As the nation’s unemployment rate continues to hover around 9%, in Washington, D.C., statistics are far bleaker, especially since government employment is considered a declining industry in the U.S. As of August, the District’s unemployment rate hovered around 11%, while its youth led the country with a staggering jobless rate of 49%. These dismal numbers are what galvanize Kameron Kima-Cherry’s main objective: keeping her staff focused on getting the area’s residents ramped up and back to work.
Influences: Kima-Cherry’s mother worked as a human resources recruiter in their hometown of Las Vegas. As a teen Kima-Cherry worked for her mother during the summers and after school, and learned the value of matching candidates with company culture. Finding someone with the right skill set and educational background was important, but a cultural match was key.

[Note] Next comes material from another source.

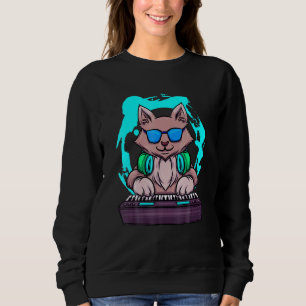 Animal Music Cat Musician Retro Cat DJ Piano Sweatshirt
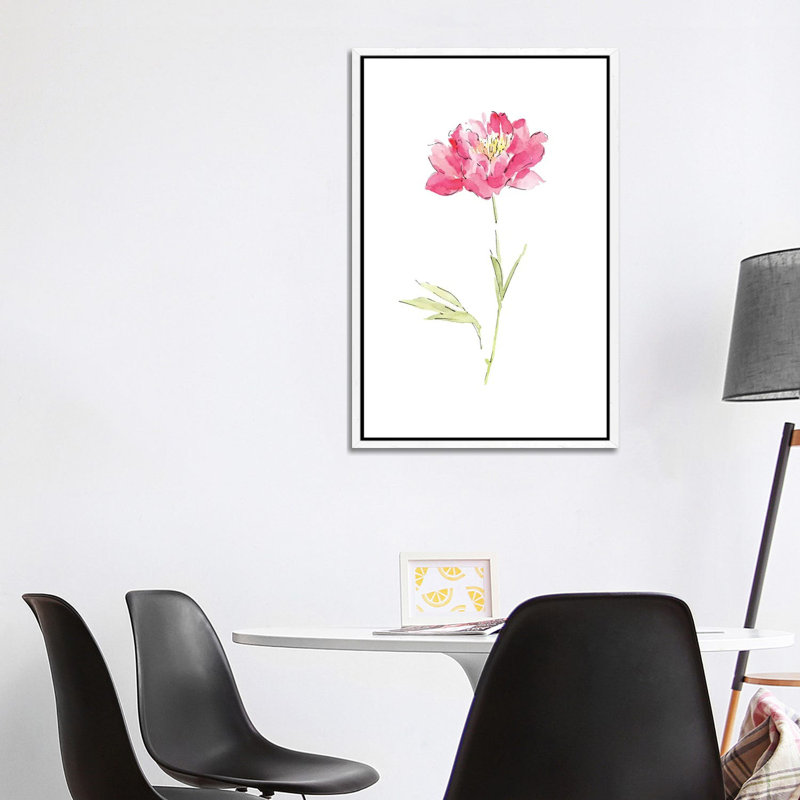 Pink Peony by Melissa Selmin - Painting on Canvas, 101.6 cm H x 66.04 cm W, White Framed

Experience: Upon graduation, Kima-Cherry landed a sales position with AT&T that required strong interpersonal skills and the ability to identify technology tools to make the company run more efficiently. “[I was charged with] uncovering needs that they didn’t know they had, and then plugging a product into it. So it’s not coming in and saying, ‘You need BlackBerrys.’ It was watching employees doing service calls and saying, ‘Your people write down everything they do and then you have to wait for that piece of paper to process the order. What if you used a Bluetooth pen that automatically transmits the information back to the company?’”

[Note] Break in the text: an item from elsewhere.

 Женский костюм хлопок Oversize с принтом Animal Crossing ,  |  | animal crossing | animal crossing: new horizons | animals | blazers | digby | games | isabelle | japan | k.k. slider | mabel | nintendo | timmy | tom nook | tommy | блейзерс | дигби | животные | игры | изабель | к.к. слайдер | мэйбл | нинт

Previous Position: Operations manager with the Washington, D.C.-based Corporate Executive Board in their newly formed Leadership Academies, which trains CEOs and other corporate officers, both domestic and international, in best practices of hard and soft skills. “I was interviewed by the two executive directors and one of them hired me as executive assistant for the team he was building. The platform was new and they were a fresh team so I grew with the job and was promoted after one year.”

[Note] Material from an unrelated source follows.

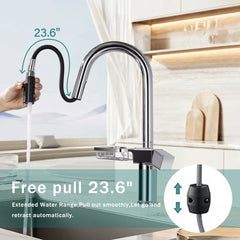 Bellemave® Extendable Bathroom Faucet, Kitchen and Sink Mixer Tap, Modern Faucet with Soap Holder - Bellemave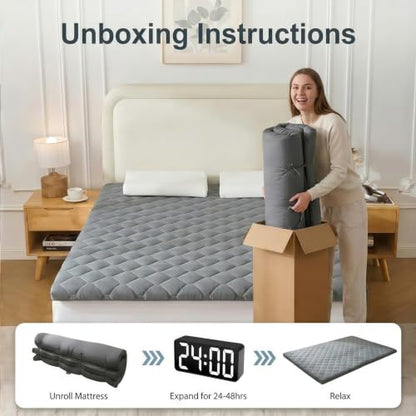 DOWNSTORIA Japanese Floor Mattress, Futon Mattress Roll Up Tatami Mat with Handle,Twin Size, Grey(39x75)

Skill Set: “My ability to listen, identifying others’ strengths, and helping them develop.” Kima-Cherry is also able to analyze complex work situations and is solution oriented. She understands how to connect the right people based on organizational opportunities and challenges, and she leads by example.
Learning Curve: Kima-Cherry struggles with demonstrating how HR can result in a consistent and positive return on investment for any company. “We’re a touchy-feely profession. We can tell you how this initiative will make everyone feel better, but if you go to a CEO in the public sector and say that, it doesn’t translate into money,” she says. “We have to be able to talk as HR professionals in hard skills and find out how an initiative can create ROI. Yes, we’re HR and we have good intentions, but we have to put our intentions around business, processes, and improvements so that people can see the benefits.”